● PROMPT:
From the line that contains "Bobolink, Cavapoo Puppy" to the end of the entries, write out every line exactly, including both ends, and nothing more.

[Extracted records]
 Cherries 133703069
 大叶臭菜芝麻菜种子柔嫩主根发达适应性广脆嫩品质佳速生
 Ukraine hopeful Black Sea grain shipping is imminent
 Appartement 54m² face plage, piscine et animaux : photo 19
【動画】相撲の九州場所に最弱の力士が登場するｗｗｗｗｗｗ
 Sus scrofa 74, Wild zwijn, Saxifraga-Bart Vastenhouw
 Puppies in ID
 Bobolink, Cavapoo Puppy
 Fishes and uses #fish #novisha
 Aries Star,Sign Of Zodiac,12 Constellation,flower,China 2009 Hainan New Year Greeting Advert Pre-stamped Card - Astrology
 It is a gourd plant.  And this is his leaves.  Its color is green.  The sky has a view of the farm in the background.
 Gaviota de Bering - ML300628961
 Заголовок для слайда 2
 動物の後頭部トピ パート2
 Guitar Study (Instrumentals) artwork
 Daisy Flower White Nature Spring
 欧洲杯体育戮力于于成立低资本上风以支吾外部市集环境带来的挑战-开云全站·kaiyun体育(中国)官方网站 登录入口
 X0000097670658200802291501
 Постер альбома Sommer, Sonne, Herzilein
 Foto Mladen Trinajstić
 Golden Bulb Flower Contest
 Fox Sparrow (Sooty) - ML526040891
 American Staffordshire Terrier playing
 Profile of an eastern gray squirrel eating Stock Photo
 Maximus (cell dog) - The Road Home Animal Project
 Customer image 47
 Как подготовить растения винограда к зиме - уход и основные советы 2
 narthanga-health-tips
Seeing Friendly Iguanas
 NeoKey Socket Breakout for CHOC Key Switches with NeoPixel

● EXERCISE RESPONSE:
 Bobolink, Cavapoo Puppy
 Fishes and uses #fish #novisha
 Aries Star,Sign Of Zodiac,12 Constellation,flower,China 2009 Hainan New Year Greeting Advert Pre-stamped Card - Astrology
 It is a gourd plant.  And this is his leaves.  Its color is green.  The sky has a view of the farm in the background.
 Gaviota de Bering - ML300628961
 Заголовок для слайда 2
 動物の後頭部トピ パート2
 Guitar Study (Instrumentals) artwork
 Daisy Flower White Nature Spring
 欧洲杯体育戮力于于成立低资本上风以支吾外部市集环境带来的挑战-开云全站·kaiyun体育(中国)官方网站 登录入口
 X0000097670658200802291501
 Постер альбома Sommer, Sonne, Herzilein
 Foto Mladen Trinajstić
 Golden Bulb Flower Contest
 Fox Sparrow (Sooty) - ML526040891
 American Staffordshire Terrier playing
 Profile of an eastern gray squirrel eating Stock Photo
 Maximus (cell dog) - The Road Home Animal Project
 Customer image 47
 Как подготовить растения винограда к зиме - уход и основные советы 2
 narthanga-health-tips
Seeing Friendly Iguanas
 NeoKey Socket Breakout for CHOC Key Switches with NeoPixel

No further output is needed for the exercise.